WWW- The Supreme Court takes on some weighty issues tomorrow, but the biggest question before the court is whether conservative Chief Justice William Rehnquist will hang up his gavel.

The court is expected to rule on the constitutionality of Ten Commandments displays on government property in two cases out of Kentucky and Texas that test the separation of church and state.

The justices also could decide whether to take up the case of Time magazine reporter Matthew Cooper and Judith Miller of The New York Times, who were found in contempt of court for refusing to testify before a grand jury and disclose the name of the source who outed a CIA spy.

If the justices don't take the case, the reporters will be facing prison time.

But what Rehnquist, 80, does could overshadow whatever the court rules in those important cases.

"The big thing on Monday will be the Ten Commandments, but I believe all of us who watch the court will be watching what Rehnquist does," said David Garrow of the Emory Law School in Atlanta.
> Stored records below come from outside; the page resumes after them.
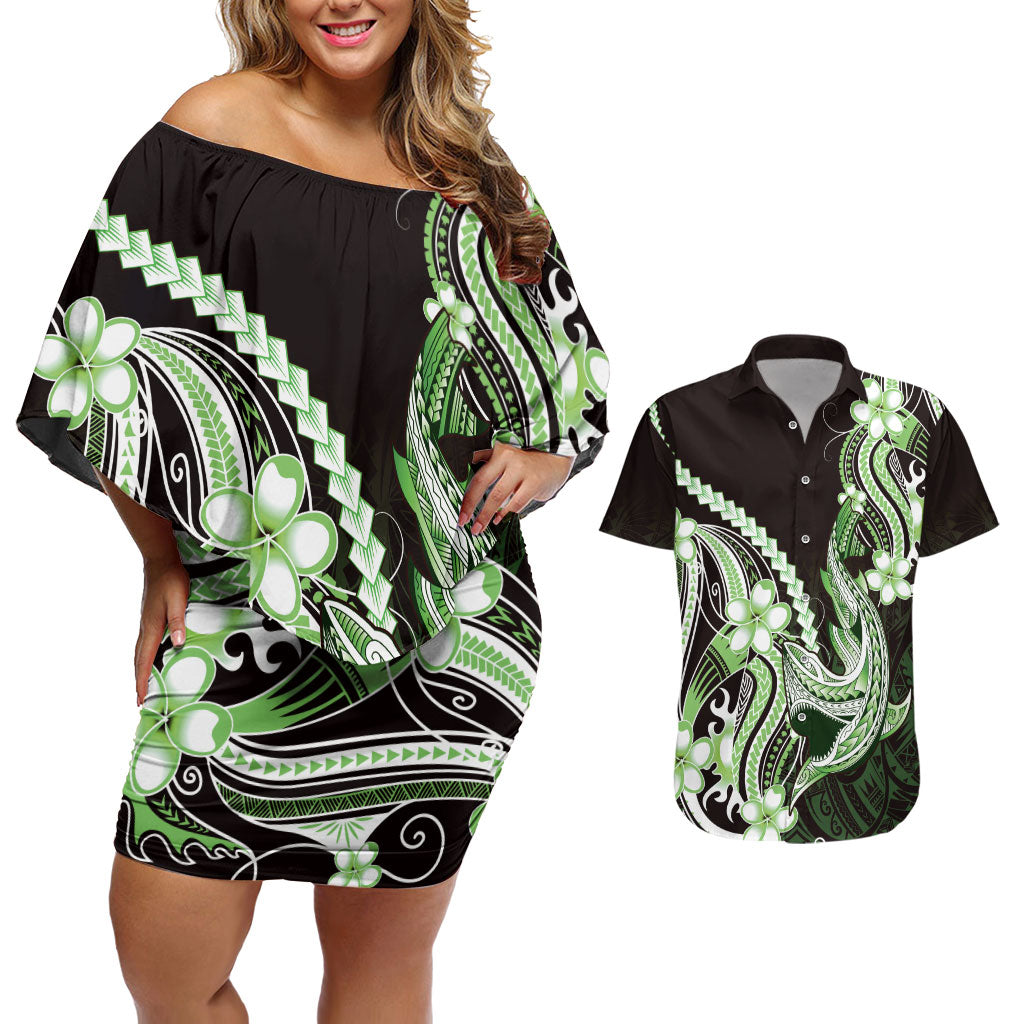 Green Black Aloha Hawaii Couples Matching Off Shoulder Short Dress and Hawaiian Shirt Polynesian Shark Tattoo Plumeria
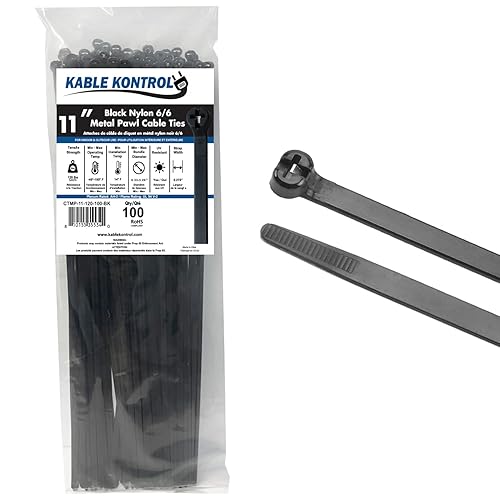 Kable Kontrol Cable Ties with Metal Tooth, 11 Inch 100 Pcs, 120 Lbs Tensile Strength, Metal Pawl, Stainless Steel Toothed Self-Locking Device, UV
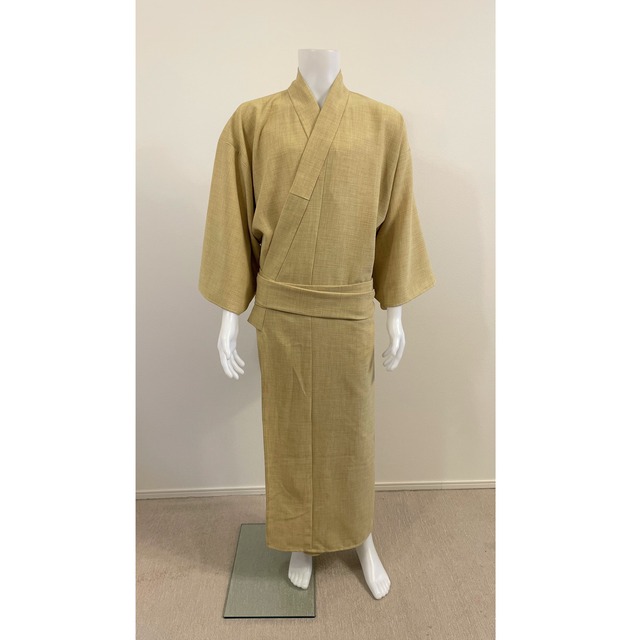 【 L size 】KIMONO + HAORI : golden brown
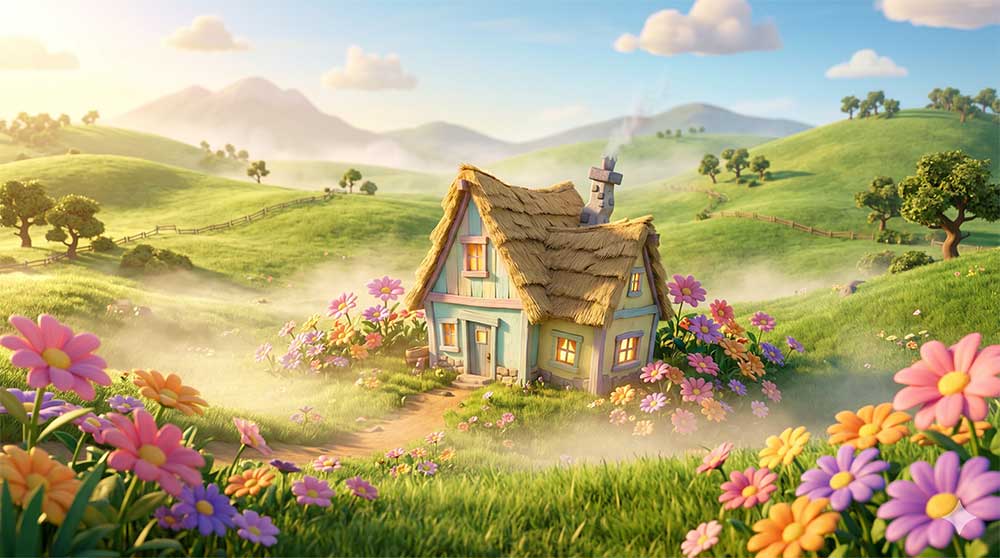 3D AI animated idyllic rolling green valley featuring a cute whimsical cottage with a thatched roof surrounded by giant colorful blooming flowers and soft morning mist by Inspirious Design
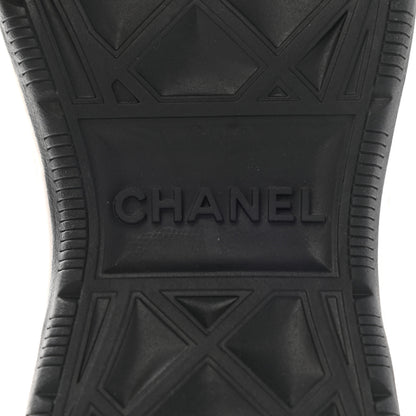 Chanel Velvet Calfskin Mixed Fibers CC Sneakers 38 Ivory Black 6 of 13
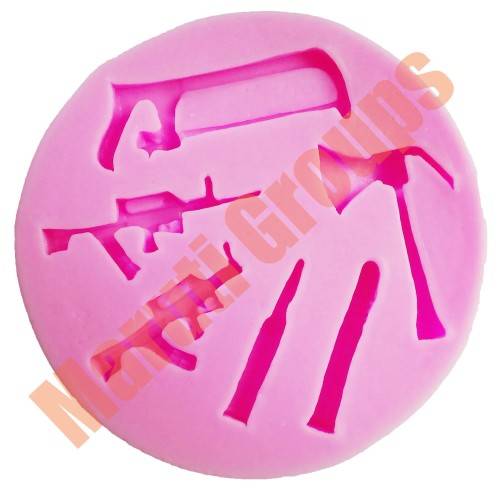 Weapon mould:  Hammer,Saw,Gun, Bullet Fondant Moulds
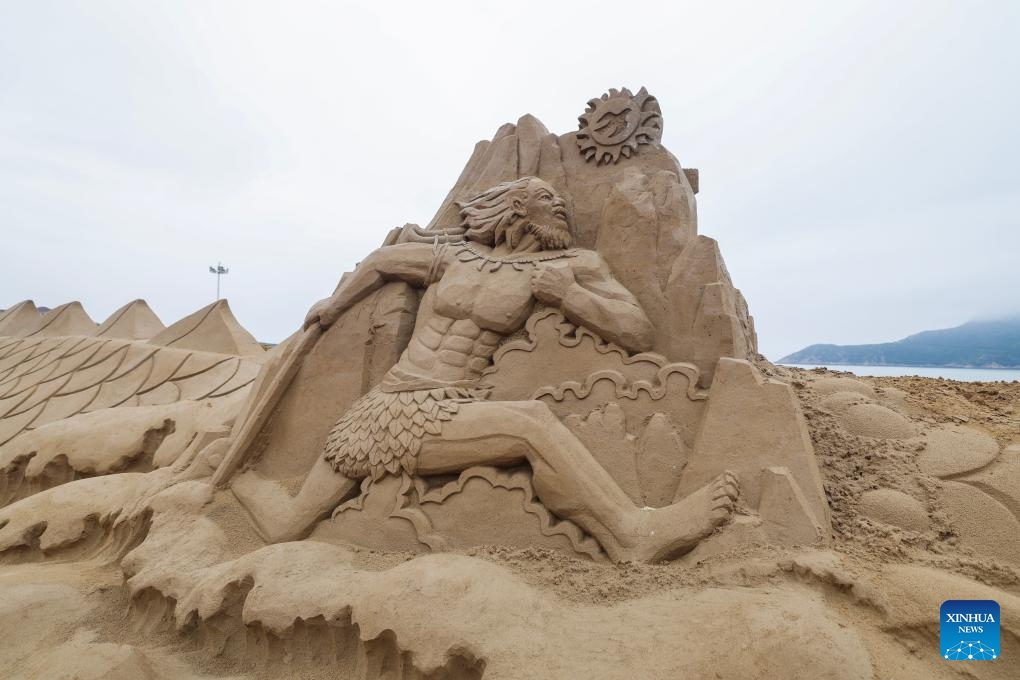 A sand sculpture is seen at Nansha scenic area in Zhujiajian, Zhoushan City, east China's Zhejiang Province, April 22, 2024. The sand art creations are made for the 25th Zhoushan International Sand Sculpture Festival that coincides with the upcoming May Day holiday. The sculptures, inspired by Chinese dragon culture and the ancient literature Shan Hai Jing (Classic of Mountains and Seas), are promoted as a specialty to attract tourists.(Photo: Xinhua)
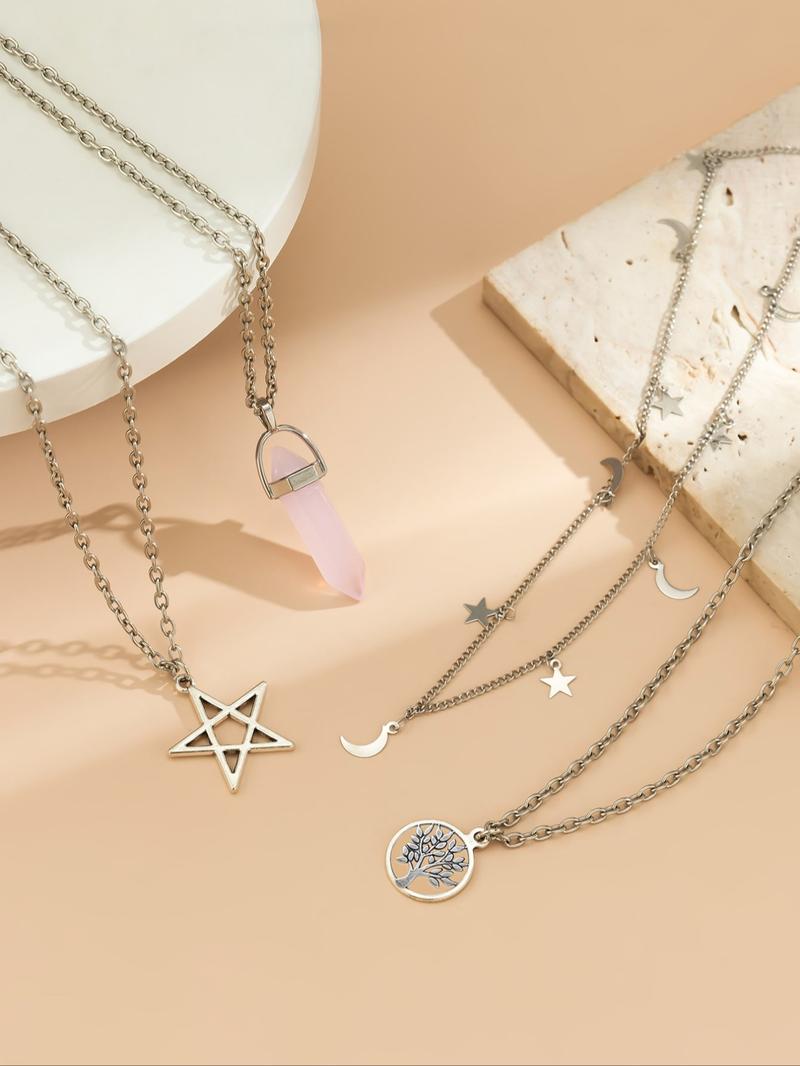 4pcs Vintage Star Moon Pendant Necklace for Women & Girls, Daily Wear Necklace, Girlfriend Gifts Jewelry, Fashion Chic Gorgeous Jewelry for Party, Daily Clothing Decor, All-match & Exquisite Jewelry for Birthday Gift, Trendy Charm Necklaces, Gift Ready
"I believe very firmly if Rehnquist was intending to leave, he would have announced it before now," he said.

Rehnquist has been battling thyroid cancer. And speculation that he might not be long for the court has run rampant since he returned to the bench in March with a tracheotomy tube sticking out of his neck.

But the chief justice, who was appointed to the court by President Richard Nixon, has refused to give in to his disease. He has continued to deliberate the pressing legal questions facing the nation's highest court.

"Typically, when a justice steps down there is a vacancy until that person is replaced," said Dick Howard of the University of Virginia. "But he can stay on the bench until his successor is chosen. It's really up to him."

There also has been speculation that Justice Sandra Day O'Connor, an important swing vote on the divided court, might soon retire. Her husband, John Jay O'Connor, is ill and recently moved home to Arizona.

O'Connor, now 75, became the first woman to serve on the nation's highest court after being nominated by President Ronald Reagan in 1981.